Apple's announcement for change comes a day after a pair of shareholders argued that the company doesn't do enough to tackle phone addiction among young people and children.
In a statement late Monday, Apple said that its mobile software includes extensive parental controls governing different types of content and applications, noting that it started offering some of them as early as 2008.
Apple responded to the shareholders by saying the company is "committed to meeting and exceeding our customers' expectations, especially when it comes to protecting kids", according to a statement sent to CNNMoney. Another study found that young people who are addicted to their smartphones have an imbalance in brain chemicals that could lead to insomnia.
Professor Twenge's research indicated that United States teenagers spending three or more hours a day on their mobile phones were 35% more likely to have a suicide risk factor than those who spend less than an hour.

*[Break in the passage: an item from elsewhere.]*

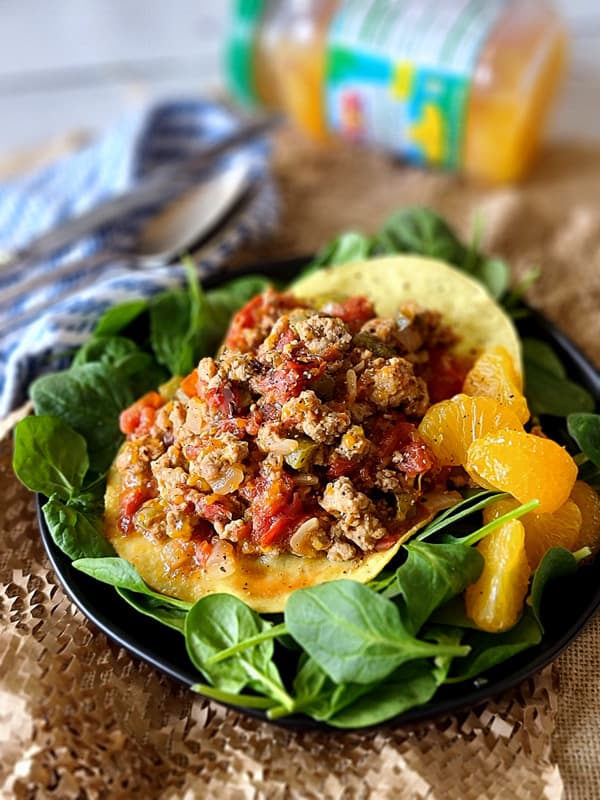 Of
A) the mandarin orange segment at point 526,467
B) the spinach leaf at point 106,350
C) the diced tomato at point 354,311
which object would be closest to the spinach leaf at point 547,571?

The letter reported that the average American teenager who uses a smartphone receives her first one at age 10 and spends over 4.5 hours a day on it "excluding texting and talking".
Professor Jean M. Twenge, a psychologist at San Diego State University and author of the book "iGen" reviewed evidence of smartphone addiction in partnership with JANA Partners, the California State Teachers' Retirement System and two Harvard-affiliated doctors.
He says if Apple has data that researchers could use in terms of health outcomes such as depression and suicide, that would be beneficial.